Mr. Trump’s limited vocabulary and haphazard syntax compare in sharp contrast with his predecessor Barack Obama. Added to that is Mr. Trump’s proclivity to use foul language. But the degradation of political discussions in America is not limited to the President. In Congressional and media debates and in political comedies, the boundaries of decency are being pushed. Mr. Trump’s critics are not particularly role models. TV comedian Stephen Colbert — a strong critic of Mr. Trump and consequently a liberal hero — sketched an imagery of oral sex between the President and Russian President Vladimir Putin in a recent show, causing widespread outrage. Not so much for abusing the President, but for using a homophobic metaphor — which is a strict no-go area for progressive politics.
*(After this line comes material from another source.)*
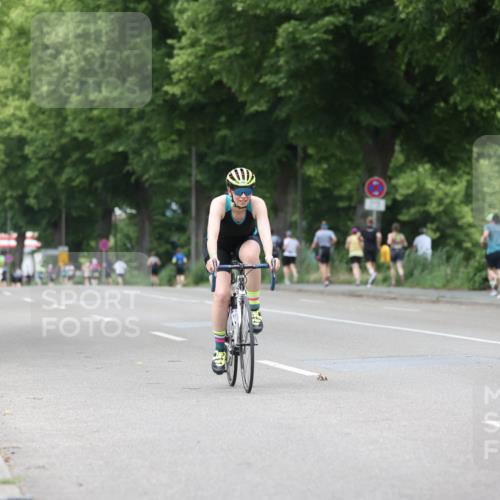 15.06.2025 - 7 Türme Triathlon Yannick Fuchs http://msf.ph/oto/8054686 15.06.2025 13:56:44 Radfahren  meine-sportfotos.de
In other recent examples, Democratic National Committee chairman Thomas Perez and CNN primetime anchor Anderson Cooper used words that would be normally not used in public debates. While Mr. Trump gets the blame for triggering this general fall, the degradation preceded him, a 2012 study by non-profit Sunlight Foundation found. The entire Congressional debates starting from the 1990s were put into a searchable database and analysed for choice of words and grammatical accuracy. The result? “In 2005, Congress spoke at an 11.5 grade level... Now, it’s 10.6. In other words, Congress dropped from talking like juniors to talking like sophomores,” said a 2012 report by the National Public Radio.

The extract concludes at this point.